PROBLEM TO SOLVE: Repeat the listing verbatim. Drop any pictures.

SOURCE DATA:
*****

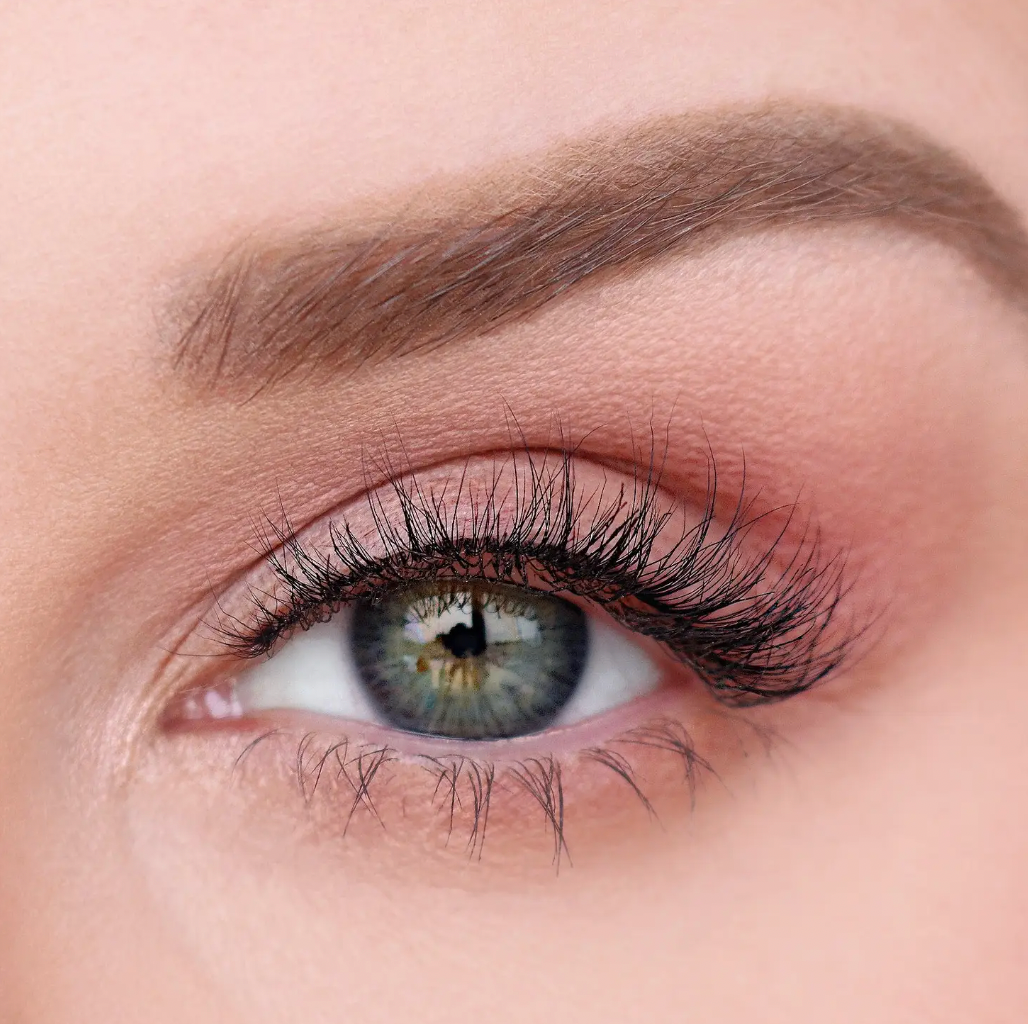 Cassiopeia SuperNatural Lash | SILLY GEORGE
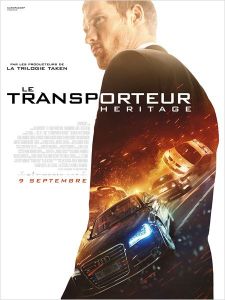 Les sorties Cinéma du 09 Septembre 2015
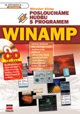 Posloucháme hudbu s programem Winamp (Miroslav Klíma)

*****

THE COMPLETED TASK:
 Cassiopeia SuperNatural Lash | SILLY GEORGE
 Les sorties Cinéma du 09 Septembre 2015
 Posloucháme hudbu s programem Winamp (Miroslav Klíma)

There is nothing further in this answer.